Fig. 4. SL1 protects from XRN1 by attenuating Ago2 lateral diffusion.

a Cartoons of extended Site-1 WT, ∆SL1 and t9 abasic RNA constructs (blue). Red box indicates Site-1. Model of the extended Site-1 WT (blue ribbon) in complex with Ago2:miR-122, to illustrate the relative size of the 3’ extension. b XRN1 mediated degradation of 3’ extended Site-1 WT, t9 abasic, and ∆SL1 in the presence of Ago2:miR-122 over time.

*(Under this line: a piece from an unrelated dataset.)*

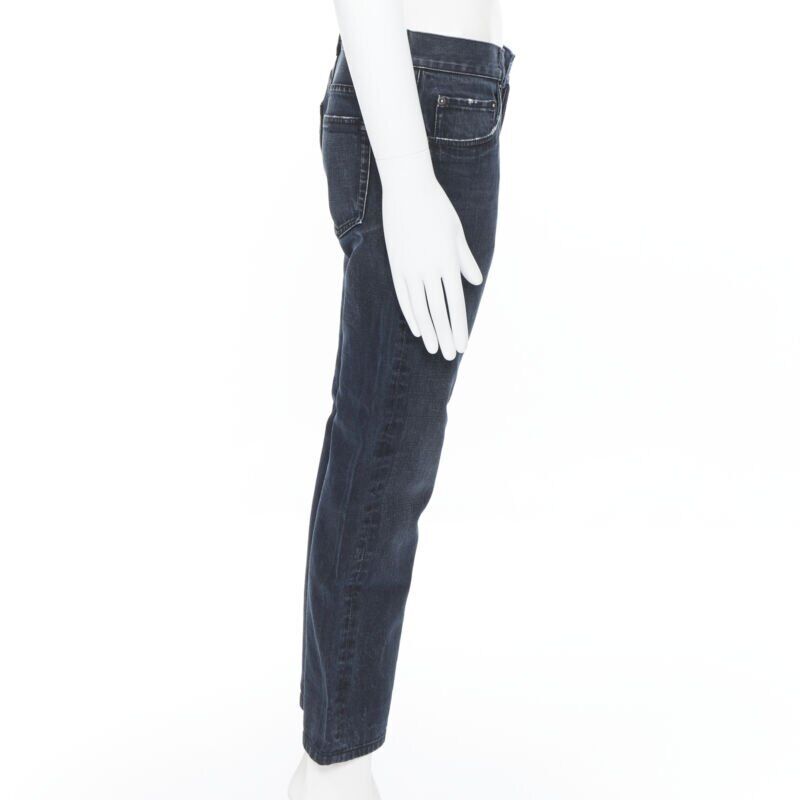 PRADA dark grey washed denim button fly tapered fit slim leg pants jeans 28" XS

Data are shown as means of 3 independent replicates with error bars representing SEM. c PAZ domain and helix-7 positions (relative to MID-PIWI lobe) in structures of Ago2:miR-122 bound to HCV Site-1 (coral), or seed plus supplementary paired RNA (dark blue, PDB code 6N4O). d Comparison of the Ago2 helix-7-target RNA contacts (spheres centred at Cα atoms in contacting residues) for the Site-1, and seed plus supplementary paired RNA. The miRNA strand is coloured red and the target strand blue (only seed base pairs shown). e Release of Site-1 WT, ∆SL1, and t9 abasic Site-1 RNAs, with and without 3’ extensions, from Ago2:miR-122 over time. Data are shown as means of 3 independent replicates with error bars representing SEM. f XRN1 mediated degradation of extended Site-1 ∆SL1 RNA in presences of Ago2:miR-122-wt alone or in combination with Ago2:miR-122-mut (targeting the 3’ extension). Data are shown as means of 3 independent replicates with error bars representing SEM. g Cartoon representation of the proposed mechanism. Ago2:miR-122 transiently diffuses onto 3’ extensions in the absence of SL1, allowing XRN1 access to the HCV RNA 5’ end (left). The presence of a second Ago2:miRNA can prevent lateral diffusion, re-establishing protection (middle-left). Ago2:miR-122 also laterally diffuses from a Site-1 with a t9 abasic nucleotide, albeit at a reduced rate compared with the ∆SL1 construct, again enabling XRN1(middle-right). The full motif at Site-1 prevents Ago2:miR-122 lateral diffusion, and the target RNA is protected (right).